Six months after Cyclone Idai struck, Zimbabweans are recounting the costs of and taking steps to recover from the devastation caused by the deadly tropical cyclone that “saw water defying mountains” and affected more than a quarter of a million lives.
In the months after Cyclone Idai, one of the worst tropical cyclones to hit the country, scarred mountains remain in Chimanimani and Chipinge districts of Manicaland province, with some impassable roads and many lives lost.
Acting Manicaland provincial development coordinator Edgar Seenza says the devastation was “beyond imagination”.
“The destruction was beyond our wildest imagination as we could not have foretold the magnitude of the cyclone that saw water defying mountains resulting in mudslides,” Seenza recalled of the first days after Cyclone Idai made landfall.
More than 600 millimeters of rain was received in the districts during the three fateful days in March 2019. In normal month during the rainy season the area receives between 200 and 250mm of rain.
Approximately 270,000 people were affected in the mountainous region, with estimated direct damages of US$622 million.
The cyclone significantly damaged infrastructure, properties, crops, and livestock. It is estimated that to “build back better” requires up to US$1.1 billion.
Affected communities are slowly trying to return life back to normal – thanks to support from well-wishers.
Schools have reopened with inadequate infrastructure and resources in an attempt for normalcy.
As the recovery process unfolds new initiatives and financial resources are required to reclaim livelihoods, rebuild infrastructure and ensure that a similar calamity never has the same devastating consequences.
In one such initiatives, a new World Bank-funded multi-sector operation seeks to advance recovery and resilience building to prevent a development crisis.
The financing will help mitigate the impact of Cyclone Idai on the nine most affected districts of Zimbabwe.
In response to developmental assistance required by the most affected communities, the World Bank approved an exceptional allocation of US$72 million to the Zimbabwe Idai Recovery Project (ZIRP), which aims to “address the early and medium-term resilient disaster recovery needs of cyclone-affected people.”
ZIRP, which is financed through an International Development Association grant, became effective in July and was formally launched in Harare in September.
“The project will utilize the bank’s comparative advantage in medium-term recovery and resilience building, facilitation of the Humanitarian-Development-Peace nexus initiative and marks its first ever integrated engagement with a range of UN agencies under one project umbrella, while being closely coordinated by the government,” World Bank regional director for social, urban and rural resilience Ede Jorge Ijjasz-Vasquez said on Wednesday.

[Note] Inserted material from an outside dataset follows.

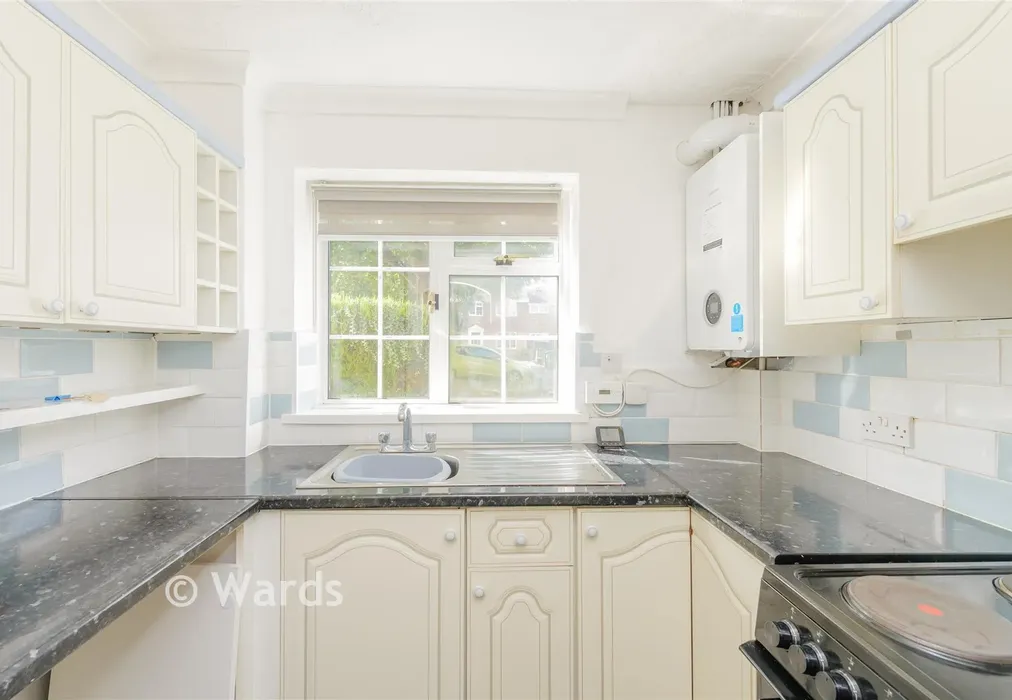 Kitchen - Birch Drive, Lords Wood, Chatham, Kent - Wards of Kent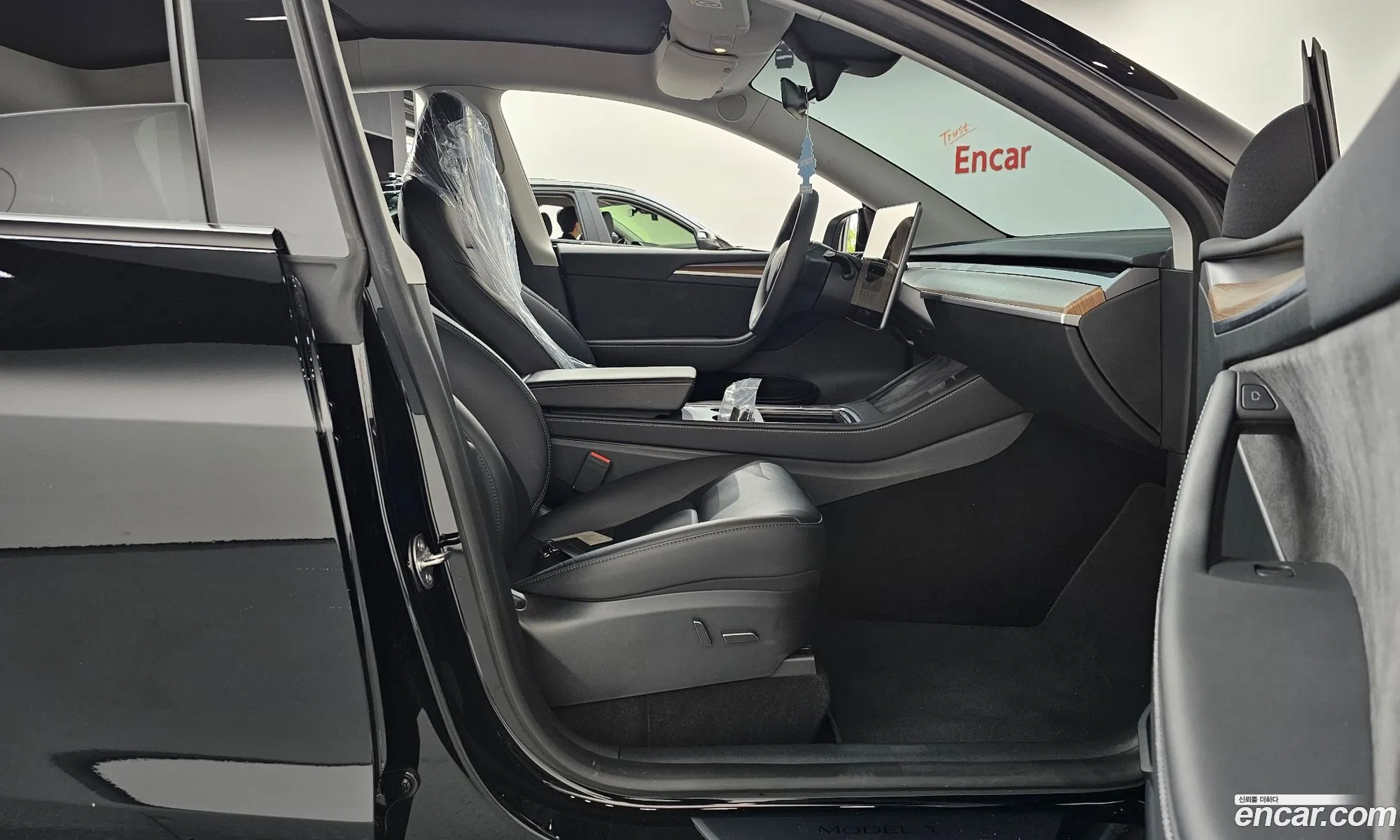 Tesla Model Y 2024 LRWYGCFS2RC565173 — 29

Through a surge of high-impact and immediate interventions in partnership with various United Nations agencies, the ZIRP aims to enhance the coping capacity of affected communities across multiple sectors such as water, sanitation, education, health and disaster risk mitigation and preparedness, benefitting as many as 270,000 people.
Drawing on experience from elsewhere in Africa, a Zimbabwe Recovery and Resilience Framework (ZRRF) is proposed to contribute to the strengthening of Zimbabwe’s capacity and systems for recovery and resilience coordination and disaster risk management and mitigation.
It is envisaged that once developed this framework will be scaled-up and applied more widely to support recovery and resilience-building across the country.
The ZRRF will identify recovery and resilience building priorities and propose a financing approach and institutional arrangements by which can be acted on by the government and its international partners.